What impression has Berlin made on me? That city, like all the rest of Germany which I have seen, is very different from what I anticipated. I came to Germany expecting to find cities in distress, people in rags, half-starved poverty in the alleys, stores and factories closed, theatre and music-halls and dance-halls deserted. Instead of that, Berlin and all of Germany show no trace of the suffering of the war and the defeat that followed. Business is carrying on as usual. The streets are full of life and incomparably cleaner and better kept than those of Barcelona. The parks and public gardens are much better cared for than are ours. I shall never forget the depressing effect which Barcelona made upon me, when I arrived last winter, to find the whole town placarded with handbills, advertising, auctions, forced sales, things going at half-price and below cost; and announcements that merchants were selling out their stocks and closing up their business. I found myself plunged in an atmosphere of bankruptcy where every man was trying to save something from the wreckage of his fortunes by desper

ate remedies, where a spirit of panic prevailed. I find nothing of that sort in Berlin. On the contrary, business conditions seem to the ordinary observer perfectly normal. The merchants of Berlin are not giving away their goods; they are not selling out at cost; none of them has taken a notion to go into violent liquidation; store-fronts are not deformed with glaring bunting signs they are distinguished only by the ordinary, everyday announcements of their name and business.

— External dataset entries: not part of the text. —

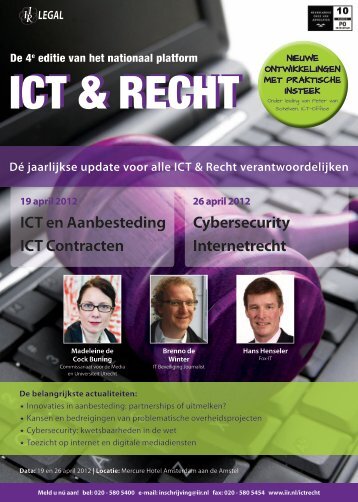 ICT en Aanbesteding ICT Contracten Cybersecurity Internetrecht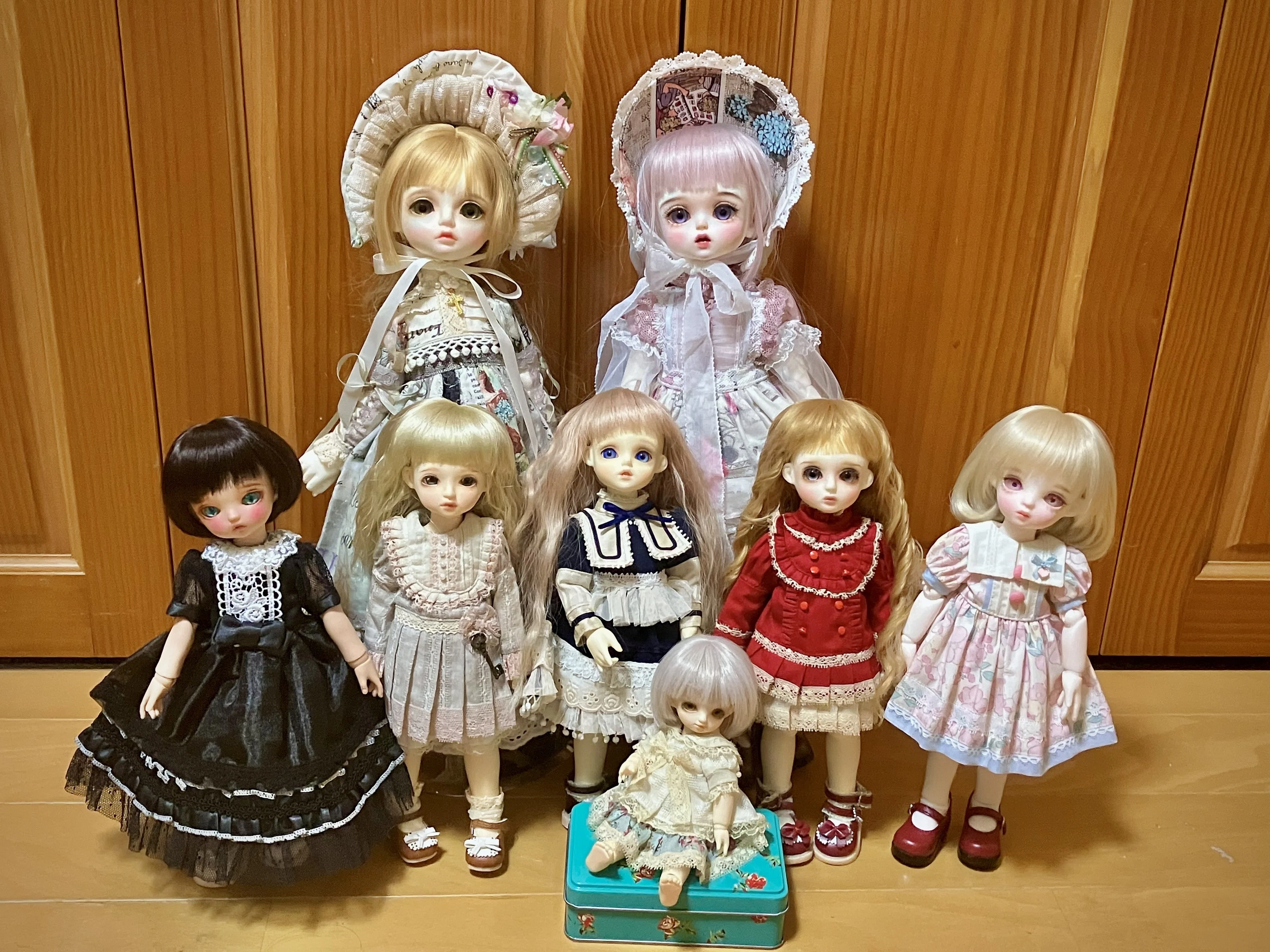 2025年末、我が家のキャストドール紹介｜朝火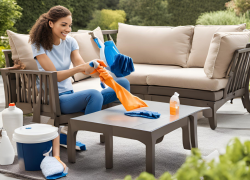 How To Clean Patio Furniture: Quick & Easy Tips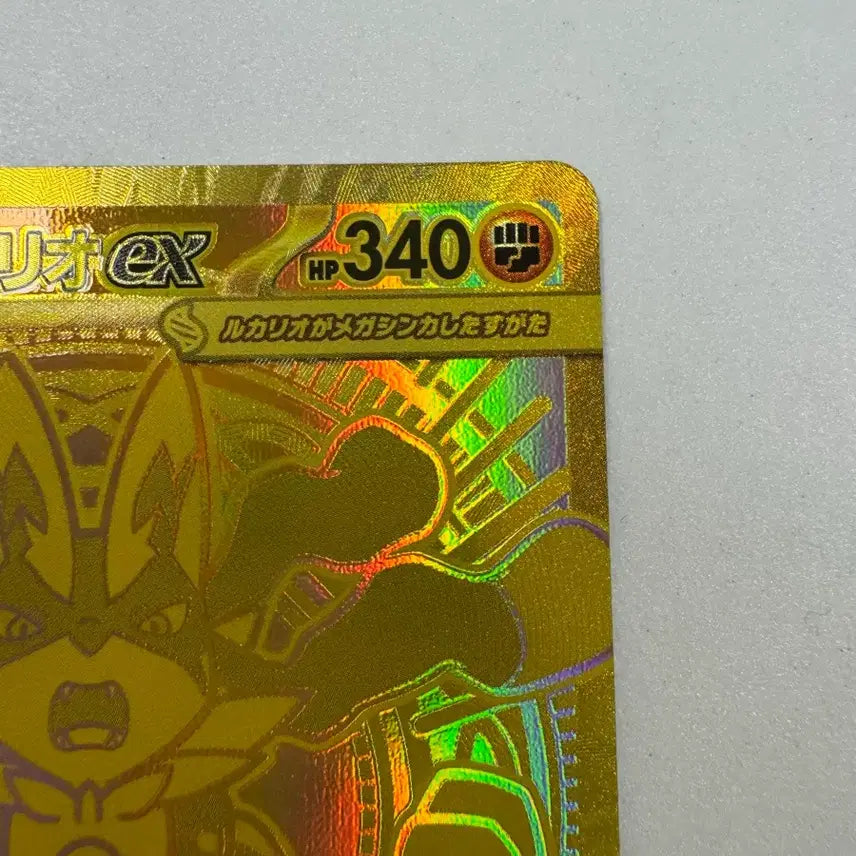 [BUNJANG] Pokemon Card Mega Lucario ex (Japanese) / (일판) 포켓몬카드 메가 루카리오 ex MUR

I was struck at once by the poor taste of the Germans in matters of dress; but that has always been so. It is true of the men, who completely miss the knack of appearing well-groomed, but it is even more noticeable of the women. Their gowns look as if they had been dropped on them out of a fifth-story window, and one always has an uneasy feeling that their hats are on hindsidebefore. The Germans have no word of theirown for elegance. They borrow the Latin term, elegant, to express that idea. This is no mere philological accident!

Berlin, like all Germany, conveys the impression of a nation at work, of people who are making things, who have what they need, who have surmounted the crisis of the war, and who have set themselves, with plodding resignation and the best of will, to restoring their depleted fortunes.

What surprises me most of all, however, is to find Berlin in a state of perpetual merry-making. Compared with Paris, it is like a metropolis en fête. On every hand are crowded restaurants, jingling orchestras, concerts, theatres, cinemas, and ballrooms, running full blast, day and night. All are well patronized. The city fairly makes a business of gayety. My acquaintances study hard and work hard, but they also dance hard and play hard.